Ordered Sets (Bernd Schröder) Considered the power set $\mathcal{P}(\{ 1,...,n \})$ with the following relation. The set $A$ is said to be dominated by the set $B$ iff there is a $k$ such that $|\{ 1,...,k \} \cap A| < |\{ 1,...,k \} \cap B|$ and, for all $l<k$, we have $|\{ 1,...,l \} \cap A| = |\{ 1,...,l \} \cap B|$. Define $A \leq B$ iff $A = B$ or $A$ is dominated by $B$. 
How do I prove that it is an ordered set?
Somebody help me please.
 A: Notice that, if 
$$|\{1,\ldots,k\} \cap A| < |\{1,\ldots,k\} \cap B|,$$
while
$$|\{1,\ldots,l\} \cap A| = |\{1,\ldots,l\} \cap B|,$$
for $l<k$, then $k \in B \setminus A$.
Let us now prove that the relation is reflexive, anti-symmetric, and transitive.
Reflexivity is trivial, since $A=A$ for every subset $A$ of $\{ 1,\ldots,n \}$.
For anti-symmetry, suppose $A \leq B$ and $B \leq A$.
I'll leave the trivial case in which $A=B$, and show that if $A< B$ and $B < A$ then we get a contradiction.
So suppose that 
$$|\{1,\ldots,k_1\} \cap A| < |\{1,\ldots,k_1\} \cap B|,$$
while
$$|\{1,\ldots,l\} \cap A| = |\{1,\ldots,l\} \cap B|,$$
for $l < k_1$, and that
$$|\{1,\ldots,k_2\} \cap B| < |\{1,\ldots,k_2\} \cap A|,$$
while
$$|\{1,\ldots,l\} \cap A| = |\{1,\ldots,l\} \cap B|,$$
for $l < k_2$.
If $k_1 < k_2$ then, in particular,
$$|\{1,\ldots,k_1\} \cap A| = |\{1,\ldots,k_1\} \cap B|,$$
a contradiction.
A similar contradiction is obtained if we suppose that $k_1 > k_2$, and if $k_1=k_2$, then the contradiction follows from $k_1 \in B\setminus A$ and $k_2 \in A \setminus B$.
Hence $A=B$.
For transitivity, suppose $A \leq B \leq C$.
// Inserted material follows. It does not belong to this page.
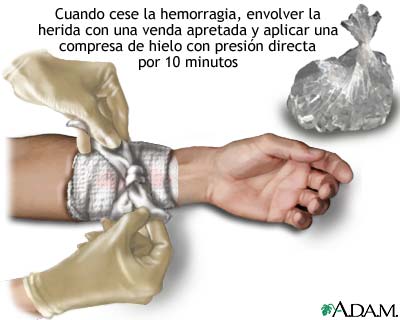 Detenci&oacute;n del sangrado con presi&oacute;n y hielo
Leaving out the immediate cases where $A=B$ or $B=C$, we get $A<B<C$, and for some $k_1,k_2$,
$$|\{1,\ldots,k_1\} \cap A| < |\{1,\ldots,k_1\} \cap B|,$$
while
$$|\{1,\ldots,l\} \cap A| = |\{1,\ldots,l\} \cap B|,$$
for $l < k_1$, and 
$$|\{1,\ldots,k_2\} \cap B| < |\{1,\ldots,k_2\} \cap C|,$$
while
$$|\{1,\ldots,l\} \cap B| = |\{1,\ldots,l\} \cap C|,$$
for $l < k_2$. 
Since $k_1 \in B$ and $k_2 \in C\setminus B$, we get $k_1 \neq k_2$.
If $k_1 < k_2$, then for $l < k_1$,
$$|\{1,\ldots,l\} \cap A| = |\{1,\ldots,l\} \cap B| = |\{1,\ldots,l\} \cap C|,$$
while
$$|\{1,\ldots,k_1\} \cap A| < |\{1,\ldots,k_1\} \cap B| = |\{1,\ldots,k_1\} \cap C|.$$
If $k_2 < k_1$, then for $l < k_2$,
$$|\{1,\ldots,l\} \cap A| = |\{1,\ldots,l\} \cap B| = |\{1,\ldots,l\} \cap C|,$$
while
$$|\{1,\ldots,k_2\} \cap A| = |\{1,\ldots,k_2\} \cap B| < |\{1,\ldots,k_1\} \cap C|.$$
Therefore $A \leq C$.